Entries shown |

<<<<

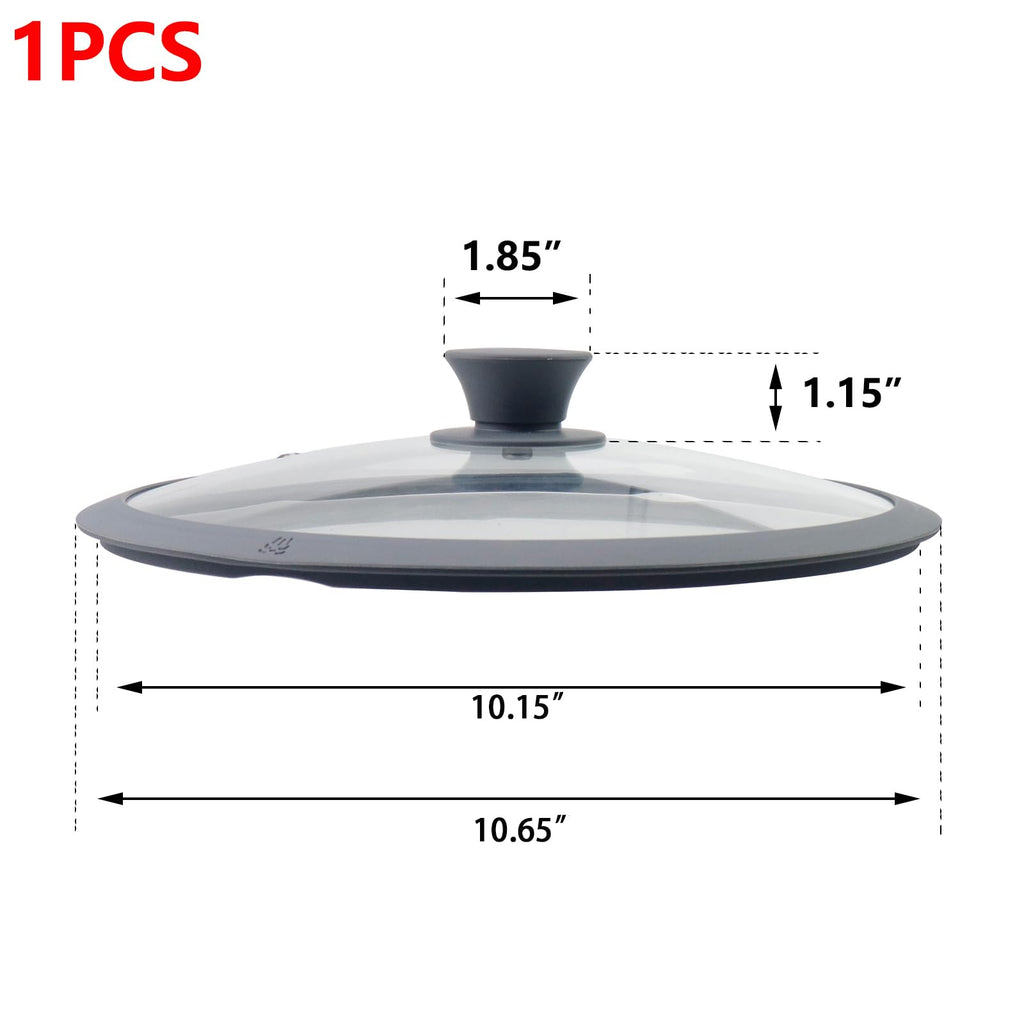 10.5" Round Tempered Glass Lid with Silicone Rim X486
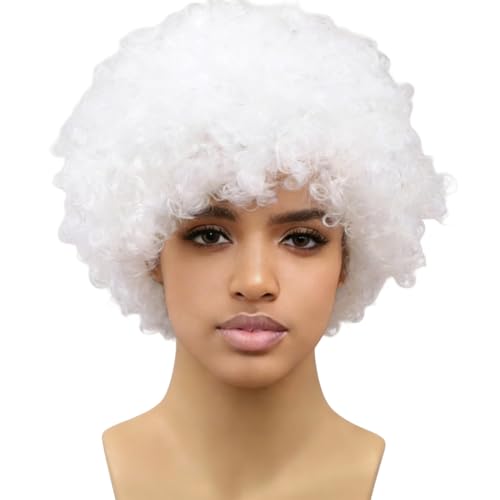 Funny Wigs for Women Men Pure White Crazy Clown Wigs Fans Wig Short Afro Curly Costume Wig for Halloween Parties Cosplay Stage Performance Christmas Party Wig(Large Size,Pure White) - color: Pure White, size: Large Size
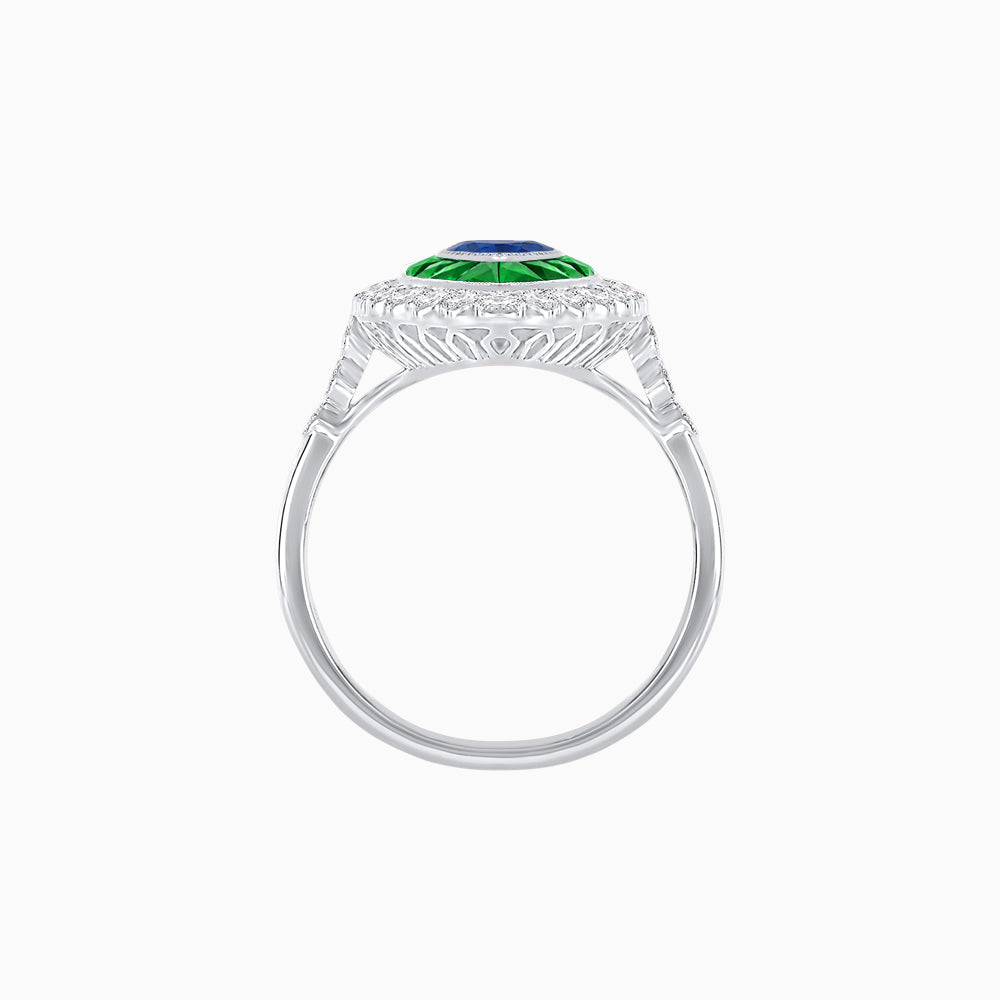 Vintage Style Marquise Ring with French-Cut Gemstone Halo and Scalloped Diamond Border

>>>>
<<<<

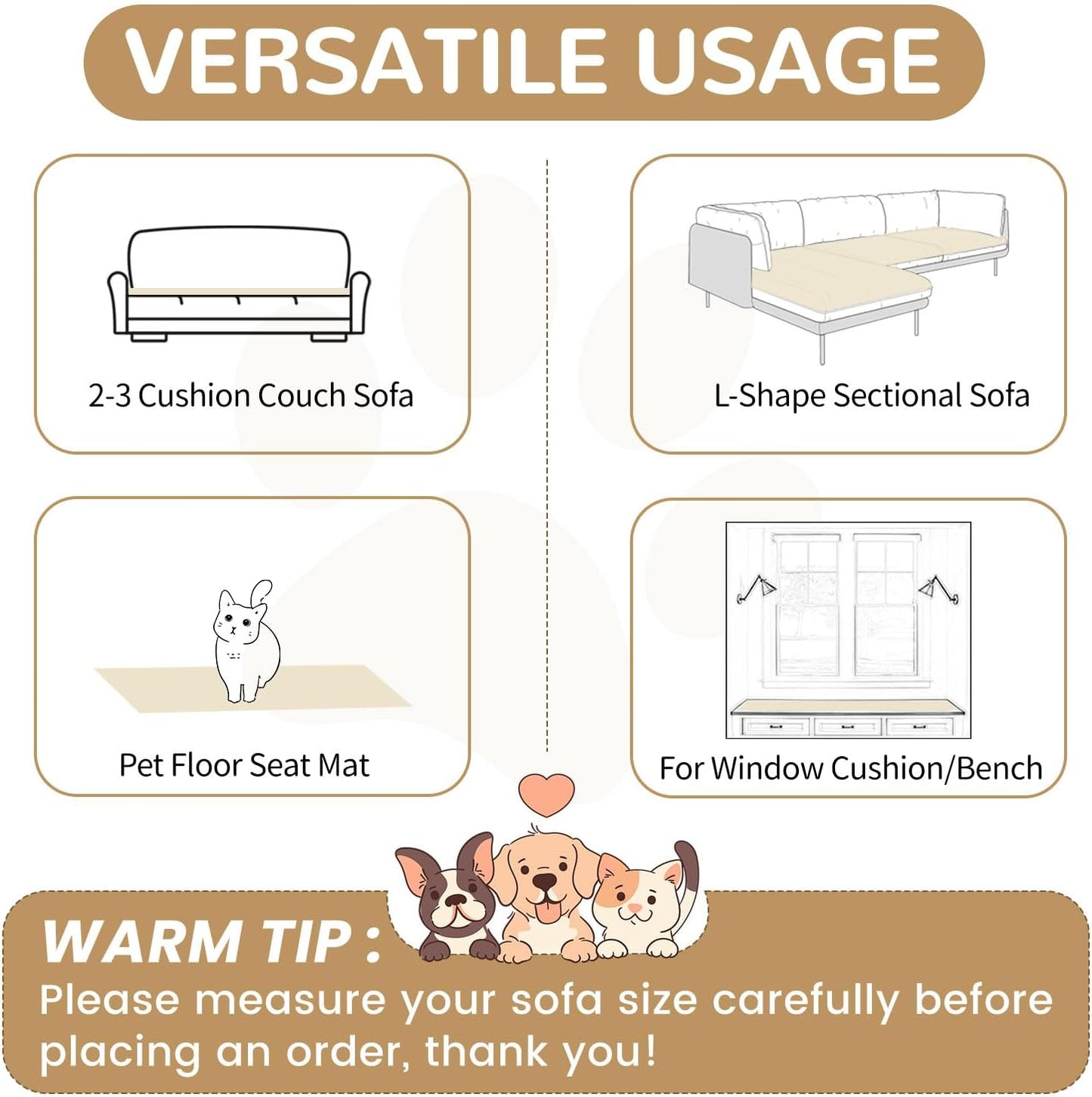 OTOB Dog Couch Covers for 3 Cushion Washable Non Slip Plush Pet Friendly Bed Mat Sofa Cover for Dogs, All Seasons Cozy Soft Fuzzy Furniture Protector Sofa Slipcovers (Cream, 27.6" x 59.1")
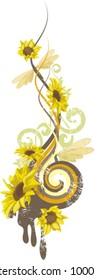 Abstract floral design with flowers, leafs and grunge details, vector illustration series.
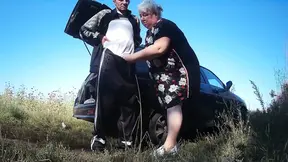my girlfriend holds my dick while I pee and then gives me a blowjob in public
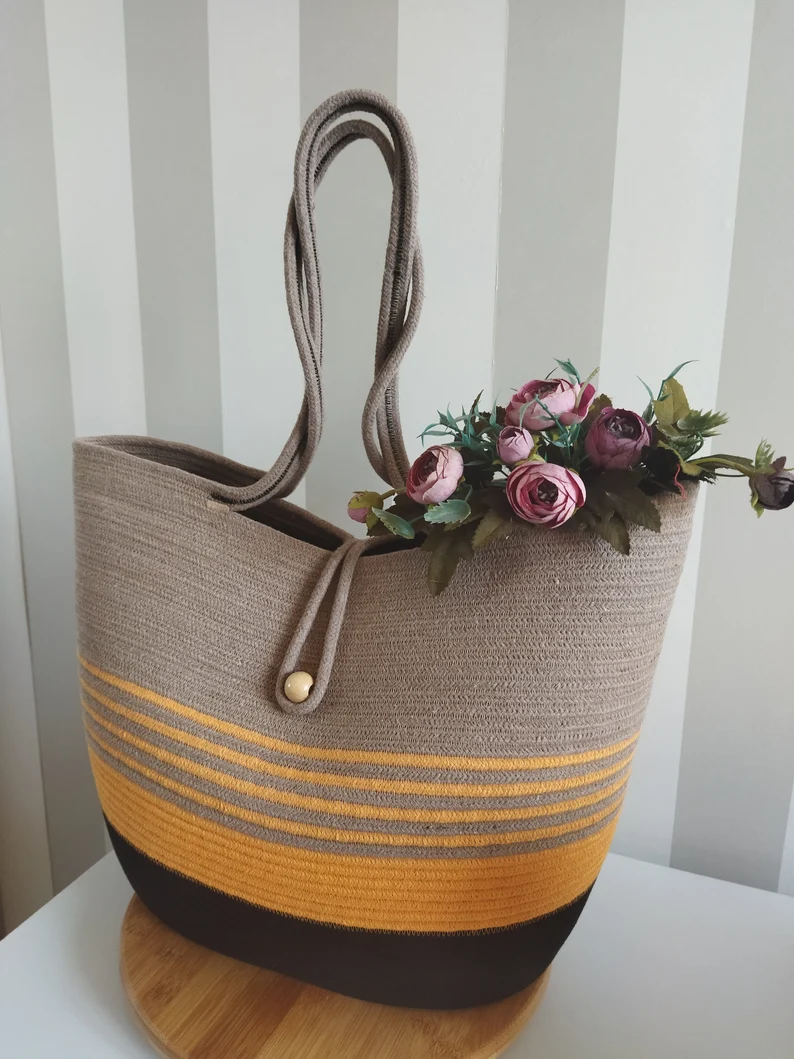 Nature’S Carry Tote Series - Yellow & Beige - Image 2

>>>>
<<<<

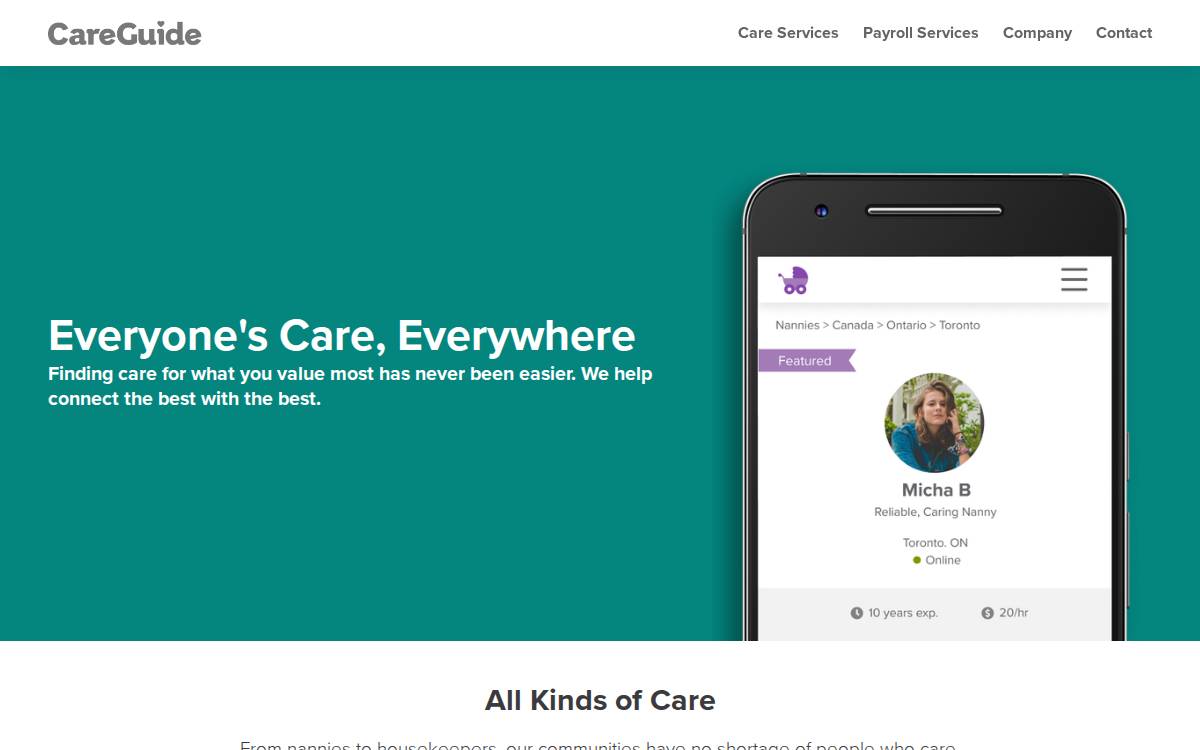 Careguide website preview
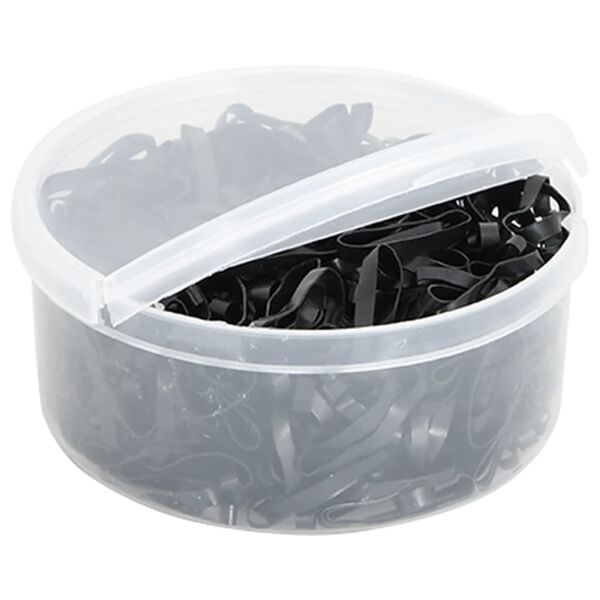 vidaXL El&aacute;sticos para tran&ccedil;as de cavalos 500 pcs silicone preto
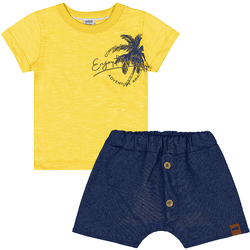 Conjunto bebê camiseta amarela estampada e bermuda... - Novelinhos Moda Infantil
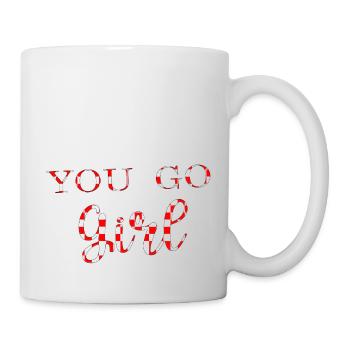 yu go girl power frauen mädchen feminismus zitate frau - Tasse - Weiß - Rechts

>>>>

Problem to solve | Look above for the line containing "Silicone Rim X486" and the line containing "Vintage Style Marquise", then reproduce both and everything between them exactly, pictures omitted.

Written answer |
 10.5" Round Tempered Glass Lid with Silicone Rim X486
 Funny Wigs for Women Men Pure White Crazy Clown Wigs Fans Wig Short Afro Curly Costume Wig for Halloween Parties Cosplay Stage Performance Christmas Party Wig(Large Size,Pure White) - color: Pure White, size: Large Size
 Vintage Style Marquise Ring with French-Cut Gemstone Halo and Scalloped Diamond Border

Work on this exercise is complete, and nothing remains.